## EXERCISE
Omit the images and output every line of the data below exactly.

## THE DATA
====

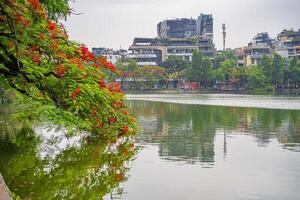 Hanoi, Vietnam - 26 June 2024 Hoan Kiem lake or Sword lake, Ho Guom in Hanoi, Vietnam with Turtle Tower, on clear day with blue sky and white clouds photo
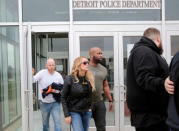 Adult film star Stormy Daniels, whose real name is Stephanie Clifford, and her security leave the Detroit Police Department 4th Precinct after picking up her temporary Dance Permit license to perform at a club in Detroit, Michigan, U.S., April 18, 2018. REUTERS/Rebecca Cook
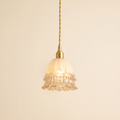 Bramfield pendant light with a milky fluted glass bell, beaded band and clear ruffled rim on a brass holder, cream background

====

## PROBLEM SOLUTION
 Hanoi, Vietnam - 26 June 2024 Hoan Kiem lake or Sword lake, Ho Guom in Hanoi, Vietnam with Turtle Tower, on clear day with blue sky and white clouds photo
 Adult film star Stormy Daniels, whose real name is Stephanie Clifford, and her security leave the Detroit Police Department 4th Precinct after picking up her temporary Dance Permit license to perform at a club in Detroit, Michigan, U.S., April 18, 2018. REUTERS/Rebecca Cook
 Bramfield pendant light with a milky fluted glass bell, beaded band and clear ruffled rim on a brass holder, cream background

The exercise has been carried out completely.